[[ Excerpted data open ]]

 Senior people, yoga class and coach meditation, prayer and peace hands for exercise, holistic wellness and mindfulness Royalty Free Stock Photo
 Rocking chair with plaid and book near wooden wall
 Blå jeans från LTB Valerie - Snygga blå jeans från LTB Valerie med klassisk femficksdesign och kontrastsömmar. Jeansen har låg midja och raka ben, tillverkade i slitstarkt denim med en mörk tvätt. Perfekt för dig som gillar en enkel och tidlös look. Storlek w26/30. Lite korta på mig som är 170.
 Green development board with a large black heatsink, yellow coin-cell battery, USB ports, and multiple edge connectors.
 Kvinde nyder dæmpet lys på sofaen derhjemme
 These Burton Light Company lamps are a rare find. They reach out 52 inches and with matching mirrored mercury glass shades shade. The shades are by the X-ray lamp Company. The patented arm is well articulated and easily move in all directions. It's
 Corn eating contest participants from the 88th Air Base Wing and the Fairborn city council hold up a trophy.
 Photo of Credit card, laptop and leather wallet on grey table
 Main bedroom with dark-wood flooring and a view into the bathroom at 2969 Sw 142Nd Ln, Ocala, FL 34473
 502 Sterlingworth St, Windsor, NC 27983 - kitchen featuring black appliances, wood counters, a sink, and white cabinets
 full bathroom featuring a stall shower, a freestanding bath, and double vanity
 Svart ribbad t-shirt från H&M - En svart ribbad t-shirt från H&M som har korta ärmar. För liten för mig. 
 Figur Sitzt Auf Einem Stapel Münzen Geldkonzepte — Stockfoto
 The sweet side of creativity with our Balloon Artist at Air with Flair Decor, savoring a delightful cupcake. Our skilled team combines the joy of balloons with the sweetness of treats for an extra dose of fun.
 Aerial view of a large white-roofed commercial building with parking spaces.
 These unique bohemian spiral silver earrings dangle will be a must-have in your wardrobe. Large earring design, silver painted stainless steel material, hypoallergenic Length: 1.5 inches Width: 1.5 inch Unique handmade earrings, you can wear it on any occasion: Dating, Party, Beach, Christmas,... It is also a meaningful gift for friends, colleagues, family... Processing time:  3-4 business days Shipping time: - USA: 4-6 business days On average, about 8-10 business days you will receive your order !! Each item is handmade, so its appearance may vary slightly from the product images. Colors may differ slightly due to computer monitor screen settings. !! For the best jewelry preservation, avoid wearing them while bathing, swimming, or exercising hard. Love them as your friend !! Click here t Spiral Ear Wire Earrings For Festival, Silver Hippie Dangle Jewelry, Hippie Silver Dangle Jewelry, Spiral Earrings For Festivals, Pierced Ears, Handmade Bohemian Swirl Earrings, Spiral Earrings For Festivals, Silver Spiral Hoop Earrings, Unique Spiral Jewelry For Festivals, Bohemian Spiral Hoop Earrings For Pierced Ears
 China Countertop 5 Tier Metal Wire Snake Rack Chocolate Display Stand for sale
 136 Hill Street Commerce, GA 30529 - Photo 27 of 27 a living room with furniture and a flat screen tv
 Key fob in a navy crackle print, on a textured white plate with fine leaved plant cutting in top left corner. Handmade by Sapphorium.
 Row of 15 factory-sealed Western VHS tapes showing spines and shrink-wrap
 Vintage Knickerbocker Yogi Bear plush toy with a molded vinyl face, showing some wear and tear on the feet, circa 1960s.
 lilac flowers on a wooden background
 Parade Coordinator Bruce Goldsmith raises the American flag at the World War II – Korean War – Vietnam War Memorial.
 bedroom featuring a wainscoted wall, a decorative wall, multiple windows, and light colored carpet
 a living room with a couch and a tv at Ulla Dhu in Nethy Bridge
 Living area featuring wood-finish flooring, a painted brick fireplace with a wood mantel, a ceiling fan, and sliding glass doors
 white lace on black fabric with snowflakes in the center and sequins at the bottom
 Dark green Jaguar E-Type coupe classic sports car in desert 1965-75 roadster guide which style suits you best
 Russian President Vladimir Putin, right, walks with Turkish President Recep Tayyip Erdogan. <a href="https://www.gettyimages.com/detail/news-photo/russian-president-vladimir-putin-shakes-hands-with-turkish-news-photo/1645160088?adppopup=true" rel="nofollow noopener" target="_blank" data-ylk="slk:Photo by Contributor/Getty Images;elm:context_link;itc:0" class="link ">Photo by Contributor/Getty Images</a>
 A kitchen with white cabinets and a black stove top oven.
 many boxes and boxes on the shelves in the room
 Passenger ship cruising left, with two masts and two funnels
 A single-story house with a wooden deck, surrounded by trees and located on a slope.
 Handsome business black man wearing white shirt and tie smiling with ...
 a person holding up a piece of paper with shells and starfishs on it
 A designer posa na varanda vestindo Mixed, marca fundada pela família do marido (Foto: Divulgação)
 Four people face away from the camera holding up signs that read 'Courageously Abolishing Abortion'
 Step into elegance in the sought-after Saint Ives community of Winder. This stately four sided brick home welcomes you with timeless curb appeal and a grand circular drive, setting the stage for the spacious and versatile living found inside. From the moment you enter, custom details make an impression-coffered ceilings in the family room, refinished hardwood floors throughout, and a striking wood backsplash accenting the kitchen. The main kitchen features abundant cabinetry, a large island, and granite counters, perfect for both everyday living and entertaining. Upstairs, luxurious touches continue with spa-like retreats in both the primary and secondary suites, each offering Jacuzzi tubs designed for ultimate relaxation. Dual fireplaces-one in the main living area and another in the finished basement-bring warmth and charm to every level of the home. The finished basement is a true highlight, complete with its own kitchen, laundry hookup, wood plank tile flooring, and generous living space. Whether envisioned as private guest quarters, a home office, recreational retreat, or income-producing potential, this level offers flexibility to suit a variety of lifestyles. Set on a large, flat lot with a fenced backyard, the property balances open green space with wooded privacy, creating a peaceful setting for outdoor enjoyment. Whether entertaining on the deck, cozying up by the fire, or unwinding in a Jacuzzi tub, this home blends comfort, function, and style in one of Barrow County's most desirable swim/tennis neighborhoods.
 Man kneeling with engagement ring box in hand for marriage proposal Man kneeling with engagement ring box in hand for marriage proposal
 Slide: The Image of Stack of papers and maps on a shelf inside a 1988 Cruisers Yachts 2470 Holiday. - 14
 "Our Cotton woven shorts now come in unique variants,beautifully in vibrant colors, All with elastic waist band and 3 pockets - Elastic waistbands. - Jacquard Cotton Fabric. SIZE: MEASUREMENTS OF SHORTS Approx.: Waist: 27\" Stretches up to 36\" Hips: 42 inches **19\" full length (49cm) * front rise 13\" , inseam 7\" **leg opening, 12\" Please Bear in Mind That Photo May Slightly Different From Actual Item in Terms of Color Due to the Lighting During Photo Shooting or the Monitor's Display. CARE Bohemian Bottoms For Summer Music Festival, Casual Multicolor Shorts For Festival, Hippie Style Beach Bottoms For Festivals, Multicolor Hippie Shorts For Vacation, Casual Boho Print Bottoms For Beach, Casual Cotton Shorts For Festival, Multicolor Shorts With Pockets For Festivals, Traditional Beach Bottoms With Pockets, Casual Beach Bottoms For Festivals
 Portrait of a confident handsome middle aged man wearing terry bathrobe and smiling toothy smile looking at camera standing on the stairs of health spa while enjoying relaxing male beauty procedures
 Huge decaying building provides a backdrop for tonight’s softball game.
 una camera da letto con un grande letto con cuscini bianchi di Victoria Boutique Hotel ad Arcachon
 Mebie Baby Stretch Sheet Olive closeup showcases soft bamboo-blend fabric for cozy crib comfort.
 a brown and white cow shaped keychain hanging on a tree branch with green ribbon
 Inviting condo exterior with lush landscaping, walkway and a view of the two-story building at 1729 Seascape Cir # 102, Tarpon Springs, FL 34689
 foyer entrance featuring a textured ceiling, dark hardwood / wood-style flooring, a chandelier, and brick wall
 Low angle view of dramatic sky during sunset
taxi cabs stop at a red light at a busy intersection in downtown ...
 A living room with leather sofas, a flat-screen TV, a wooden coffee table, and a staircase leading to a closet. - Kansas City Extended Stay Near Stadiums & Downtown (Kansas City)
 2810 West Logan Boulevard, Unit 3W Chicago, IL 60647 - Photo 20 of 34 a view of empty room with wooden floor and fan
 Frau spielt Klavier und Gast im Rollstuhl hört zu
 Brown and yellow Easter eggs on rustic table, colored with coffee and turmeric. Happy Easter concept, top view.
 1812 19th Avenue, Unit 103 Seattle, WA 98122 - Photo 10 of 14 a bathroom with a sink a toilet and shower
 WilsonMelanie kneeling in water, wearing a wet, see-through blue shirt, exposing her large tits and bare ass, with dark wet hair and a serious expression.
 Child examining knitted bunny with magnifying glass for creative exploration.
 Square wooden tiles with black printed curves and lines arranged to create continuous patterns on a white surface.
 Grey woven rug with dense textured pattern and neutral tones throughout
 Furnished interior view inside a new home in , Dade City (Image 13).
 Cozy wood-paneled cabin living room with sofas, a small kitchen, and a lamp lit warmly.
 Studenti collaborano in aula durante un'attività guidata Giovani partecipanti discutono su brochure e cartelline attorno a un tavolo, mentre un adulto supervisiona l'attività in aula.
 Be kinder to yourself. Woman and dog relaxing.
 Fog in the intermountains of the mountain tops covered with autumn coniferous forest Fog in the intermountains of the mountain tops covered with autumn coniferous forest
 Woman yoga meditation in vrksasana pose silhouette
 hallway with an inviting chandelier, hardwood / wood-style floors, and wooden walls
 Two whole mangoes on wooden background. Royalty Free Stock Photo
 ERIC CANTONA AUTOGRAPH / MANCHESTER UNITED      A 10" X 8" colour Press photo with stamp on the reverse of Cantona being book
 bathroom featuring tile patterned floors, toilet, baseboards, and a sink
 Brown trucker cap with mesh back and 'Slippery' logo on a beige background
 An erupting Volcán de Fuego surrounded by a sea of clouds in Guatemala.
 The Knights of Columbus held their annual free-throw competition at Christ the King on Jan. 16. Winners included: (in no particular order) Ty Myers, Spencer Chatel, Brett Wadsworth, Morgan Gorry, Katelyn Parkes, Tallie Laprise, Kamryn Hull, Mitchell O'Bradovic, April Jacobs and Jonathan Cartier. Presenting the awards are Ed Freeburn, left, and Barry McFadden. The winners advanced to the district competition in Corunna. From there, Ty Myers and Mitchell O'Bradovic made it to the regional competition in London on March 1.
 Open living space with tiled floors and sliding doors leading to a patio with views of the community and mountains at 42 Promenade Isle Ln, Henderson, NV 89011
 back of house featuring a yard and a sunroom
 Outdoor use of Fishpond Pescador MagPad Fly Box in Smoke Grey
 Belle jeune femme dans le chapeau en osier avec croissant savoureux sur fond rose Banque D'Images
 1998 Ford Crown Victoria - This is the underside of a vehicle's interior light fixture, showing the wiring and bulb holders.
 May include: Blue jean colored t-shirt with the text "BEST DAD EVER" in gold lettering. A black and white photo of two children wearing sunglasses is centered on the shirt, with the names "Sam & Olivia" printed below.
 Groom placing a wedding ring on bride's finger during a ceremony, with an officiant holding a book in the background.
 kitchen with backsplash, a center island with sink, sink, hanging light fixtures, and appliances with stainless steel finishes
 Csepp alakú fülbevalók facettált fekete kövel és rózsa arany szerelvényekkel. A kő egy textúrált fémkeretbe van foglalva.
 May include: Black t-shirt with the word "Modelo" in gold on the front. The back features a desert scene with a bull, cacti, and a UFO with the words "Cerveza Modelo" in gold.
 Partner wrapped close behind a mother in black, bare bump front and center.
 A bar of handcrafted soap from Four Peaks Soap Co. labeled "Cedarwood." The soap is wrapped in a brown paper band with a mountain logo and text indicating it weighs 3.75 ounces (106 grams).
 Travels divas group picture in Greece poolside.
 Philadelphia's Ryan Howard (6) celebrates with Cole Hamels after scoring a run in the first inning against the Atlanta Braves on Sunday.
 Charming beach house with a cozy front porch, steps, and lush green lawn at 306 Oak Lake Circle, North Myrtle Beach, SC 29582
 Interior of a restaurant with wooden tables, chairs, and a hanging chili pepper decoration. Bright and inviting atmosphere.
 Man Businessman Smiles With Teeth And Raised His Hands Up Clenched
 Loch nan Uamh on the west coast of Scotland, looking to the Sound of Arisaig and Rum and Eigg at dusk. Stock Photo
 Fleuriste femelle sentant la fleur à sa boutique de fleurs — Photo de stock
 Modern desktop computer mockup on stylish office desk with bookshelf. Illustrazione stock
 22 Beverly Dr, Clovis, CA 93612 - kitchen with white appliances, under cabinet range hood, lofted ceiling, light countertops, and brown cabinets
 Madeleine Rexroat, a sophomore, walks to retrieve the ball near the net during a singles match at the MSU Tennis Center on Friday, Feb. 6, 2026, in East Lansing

[[ Excerpted data closed ]]

*Work to complete*
Reproduce only the lines above, starting at the line with "ERIC CANTONA AUTOGRAPH" and ending at the line with "Partner wrapped close", exactly as written.

*Response area*
 ERIC CANTONA AUTOGRAPH / MANCHESTER UNITED      A 10" X 8" colour Press photo with stamp on the reverse of Cantona being book
 bathroom featuring tile patterned floors, toilet, baseboards, and a sink
 Brown trucker cap with mesh back and 'Slippery' logo on a beige background
 An erupting Volcán de Fuego surrounded by a sea of clouds in Guatemala.
 The Knights of Columbus held their annual free-throw competition at Christ the King on Jan. 16. Winners included: (in no particular order) Ty Myers, Spencer Chatel, Brett Wadsworth, Morgan Gorry, Katelyn Parkes, Tallie Laprise, Kamryn Hull, Mitchell O'Bradovic, April Jacobs and Jonathan Cartier. Presenting the awards are Ed Freeburn, left, and Barry McFadden. The winners advanced to the district competition in Corunna. From there, Ty Myers and Mitchell O'Bradovic made it to the regional competition in London on March 1.
 Open living space with tiled floors and sliding doors leading to a patio with views of the community and mountains at 42 Promenade Isle Ln, Henderson, NV 89011
 back of house featuring a yard and a sunroom
 Outdoor use of Fishpond Pescador MagPad Fly Box in Smoke Grey
 Belle jeune femme dans le chapeau en osier avec croissant savoureux sur fond rose Banque D'Images
 1998 Ford Crown Victoria - This is the underside of a vehicle's interior light fixture, showing the wiring and bulb holders.
 May include: Blue jean colored t-shirt with the text "BEST DAD EVER" in gold lettering. A black and white photo of two children wearing sunglasses is centered on the shirt, with the names "Sam & Olivia" printed below.
 Groom placing a wedding ring on bride's finger during a ceremony, with an officiant holding a book in the background.
 kitchen with backsplash, a center island with sink, sink, hanging light fixtures, and appliances with stainless steel finishes
 Csepp alakú fülbevalók facettált fekete kövel és rózsa arany szerelvényekkel. A kő egy textúrált fémkeretbe van foglalva.
 May include: Black t-shirt with the word "Modelo" in gold on the front. The back features a desert scene with a bull, cacti, and a UFO with the words "Cerveza Modelo" in gold.
 Partner wrapped close behind a mother in black, bare bump front and center.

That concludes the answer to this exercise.